---
title: "Tweedie Distribution"
output: rmarkdown::html_vignette
vignette: >
  %\VignetteIndexEntry{Tweedie Distribution}
  %\VignetteEngine{knitr::rmarkdown}
  %\VignetteEncoding{UTF-8}
---

```{r setup, include=FALSE}
knitr::opts_chunk$set(echo = TRUE)
```

## Introduction

The tweedie distribution is a new comer to generalized linear model framework. It has three parameters, $\mu$, $\sigma^2$, $\rho$, and has a number of unique characteristics. Many other distributions are special cases of the tweedie distribution.

* Distributions
  + $\rho$ = 0 gaussian
  + $\rho$ = 1 poisson
  + $\rho$ = 2 gamma
  + $\rho$ = 3 inverse gaussian

For many parameters, the probability density function cannot be evaluated directly.
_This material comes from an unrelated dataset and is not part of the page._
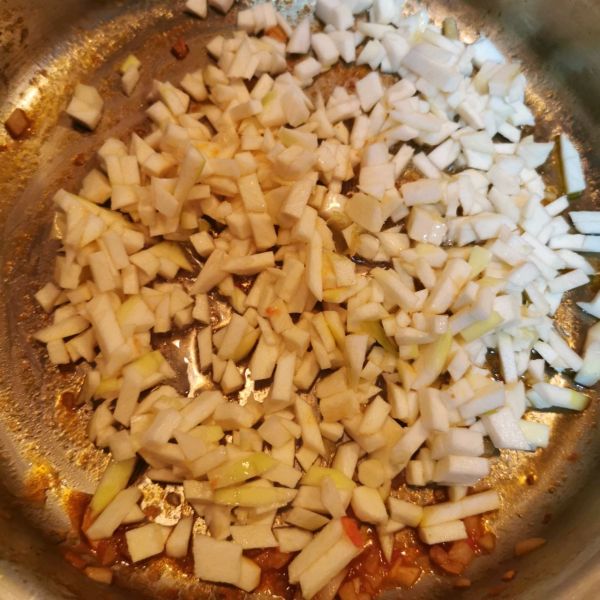 蔬菜肉酱意大利面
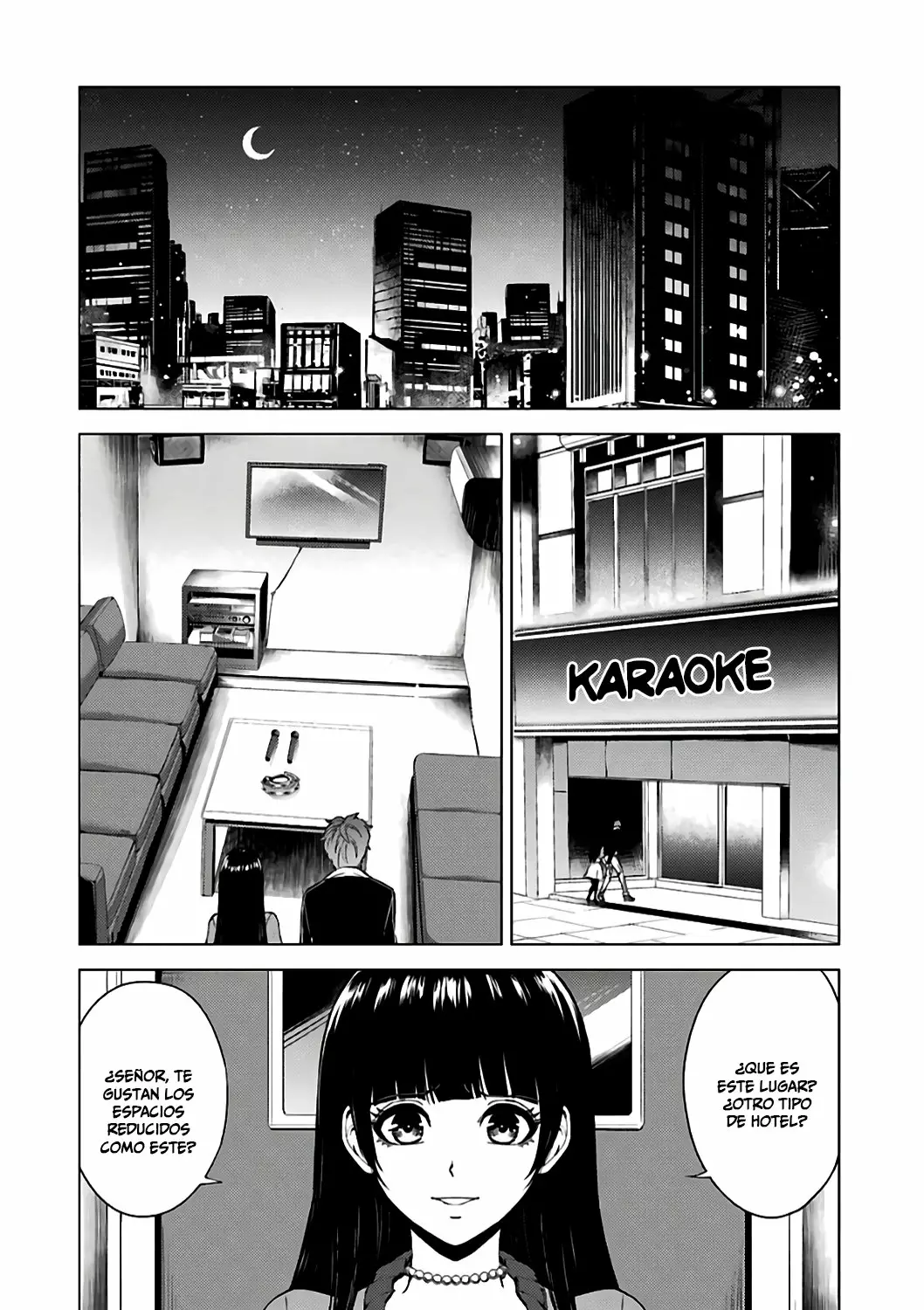 Página 21 del Manga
Instead special algorithms must be created to calculate the density. Interested statisticians should read [Evaluation of Tweedie exponential dispersion model densities by Fourier inversion](https://citeseerx.ist.psu.edu/viewdoc/download?doi=10.1.1.449.2161&rep=rep1&type=pdf). The author created the R package tweedie; which GlmSimulatoR relies upon.

Due to computational demands associated with the tweedie distribution and software available in R, this package focuses on tweedie distributions with $\rho$ in [1, 2] and $\sigma^2$ equal to 1.

## Building a glm model

To test out R's special glm function for the tweedie distribution, lets generate data and see how close our estimates are. We will be using the cplm package.


```{r model, echo=TRUE}
library(GlmSimulatoR)
library(ggplot2)
library(cplm, quietly = TRUE)
set.seed(1)

simdata <- simulate_tweedie(weight = .2, ancillary = 1.15, link = "log")

ggplot(simdata, aes(x = Y)) +
  geom_histogram(bins = 30)
```

The response variable is usually zero, but sometimes it is positive. This is what makes the tweedie distribution unique.

```{r model2, echo=TRUE}
glm_model <- cpglm(Y ~ X1, data = simdata, link = "log")
summary(glm_model)
```

The estimated index parameter is very close to $\rho$ (the ancillary argument), and the estimated weights are close to $\beta$ (the weight argument). Overall the function worked well.